## What you will do
Although the data below contains pictures, output only the lines between those holding "Number 1: Amscope" and "Welcome back everyone", inclusive, exactly and without those pictures.

## Data shown
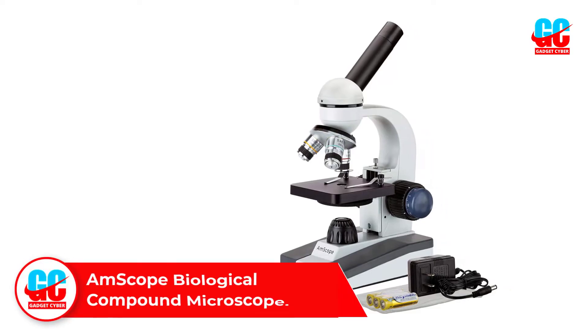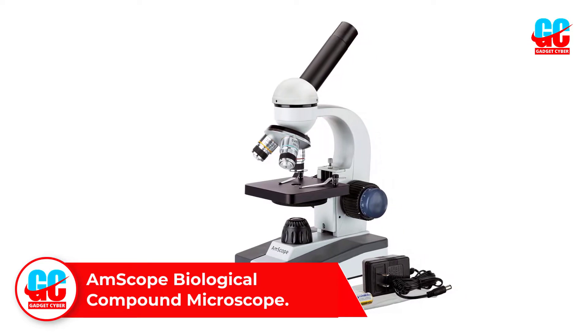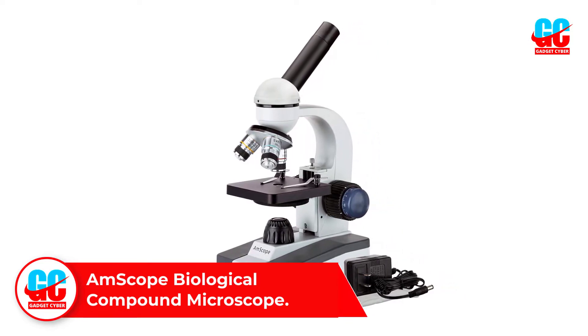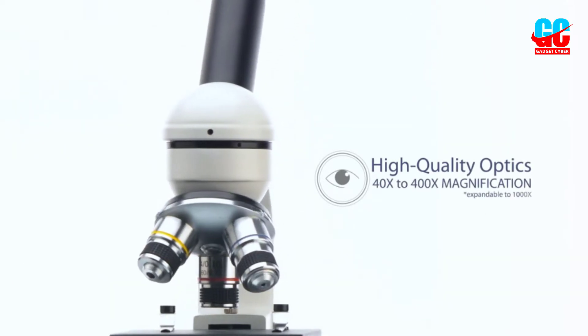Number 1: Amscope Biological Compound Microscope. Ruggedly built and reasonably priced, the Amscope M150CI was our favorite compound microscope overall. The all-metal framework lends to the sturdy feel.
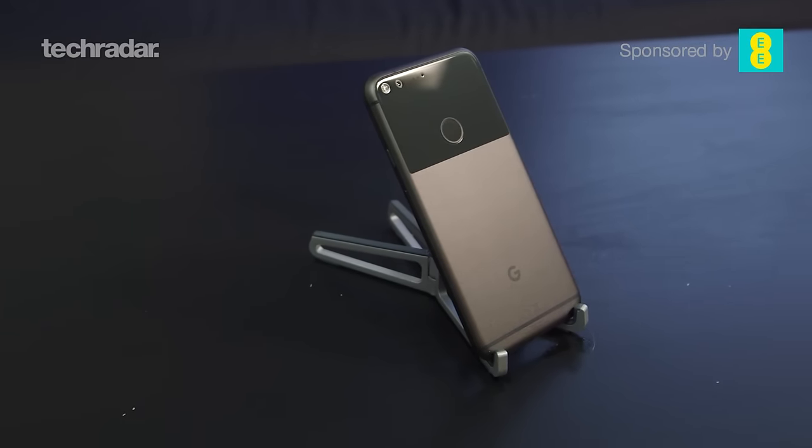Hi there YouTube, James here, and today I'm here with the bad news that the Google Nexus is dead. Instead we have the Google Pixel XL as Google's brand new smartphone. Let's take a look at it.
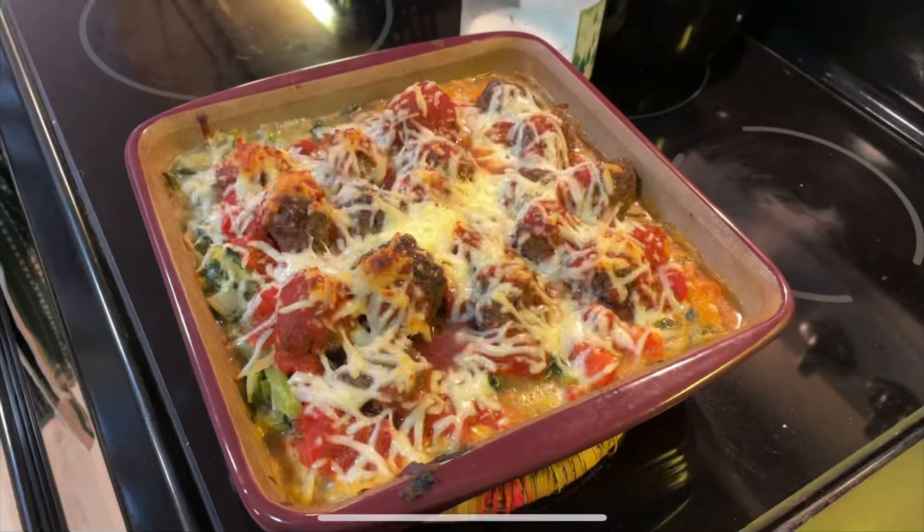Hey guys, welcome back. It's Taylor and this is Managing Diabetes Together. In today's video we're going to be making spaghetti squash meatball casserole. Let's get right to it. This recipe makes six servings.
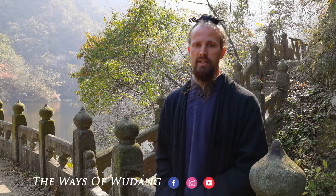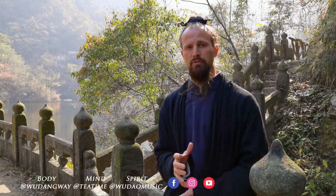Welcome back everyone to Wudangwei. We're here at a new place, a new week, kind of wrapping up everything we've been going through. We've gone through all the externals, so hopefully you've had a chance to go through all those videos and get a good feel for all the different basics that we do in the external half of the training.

--

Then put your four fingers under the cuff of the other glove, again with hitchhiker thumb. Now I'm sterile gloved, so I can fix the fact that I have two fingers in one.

* * *

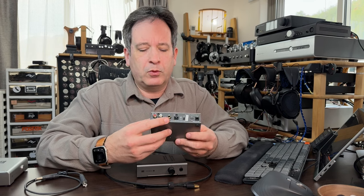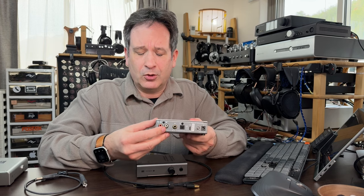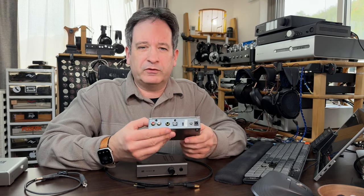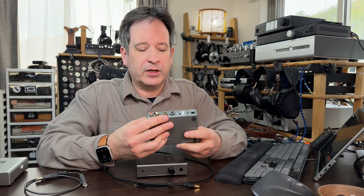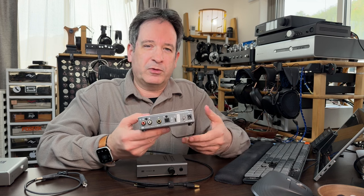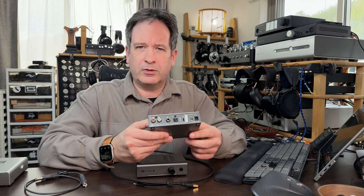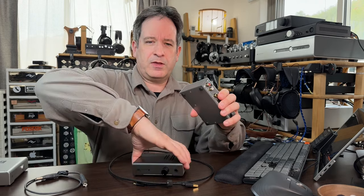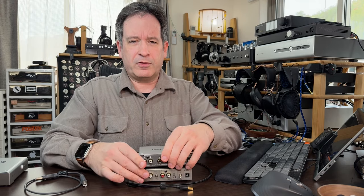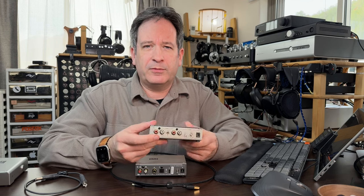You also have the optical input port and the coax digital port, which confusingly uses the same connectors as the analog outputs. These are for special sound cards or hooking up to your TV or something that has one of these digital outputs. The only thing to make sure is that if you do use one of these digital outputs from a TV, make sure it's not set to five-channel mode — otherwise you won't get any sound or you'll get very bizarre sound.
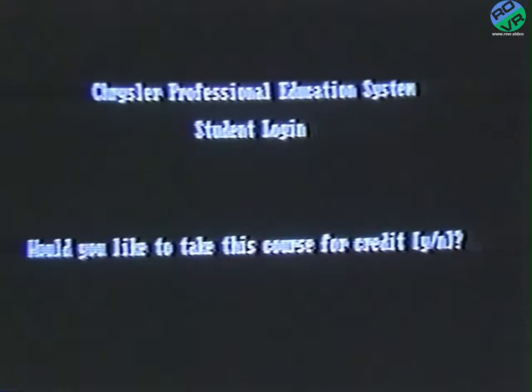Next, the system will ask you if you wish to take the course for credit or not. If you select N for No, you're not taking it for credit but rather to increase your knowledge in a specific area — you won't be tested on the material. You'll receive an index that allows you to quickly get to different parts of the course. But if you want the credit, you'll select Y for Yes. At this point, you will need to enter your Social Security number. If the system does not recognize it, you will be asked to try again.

## Result of the exercise
Number 1: Amscope Biological Compound Microscope. Ruggedly built and reasonably priced, the Amscope M150CI was our favorite compound microscope overall. The all-metal framework lends to the sturdy feel.
Hi there YouTube, James here, and today I'm here with the bad news that the Google Nexus is dead. Instead we have the Google Pixel XL as Google's brand new smartphone. Let's take a look at it.
Hey guys, welcome back. It's Taylor and this is Managing Diabetes Together. In today's video we're going to be making spaghetti squash meatball casserole. Let's get right to it. This recipe makes six servings.
Welcome back everyone to Wudangwei. We're here at a new place, a new week, kind of wrapping up everything we've been going through. We've gone through all the externals, so hopefully you've had a chance to go through all those videos and get a good feel for all the different basics that we do in the external half of the training.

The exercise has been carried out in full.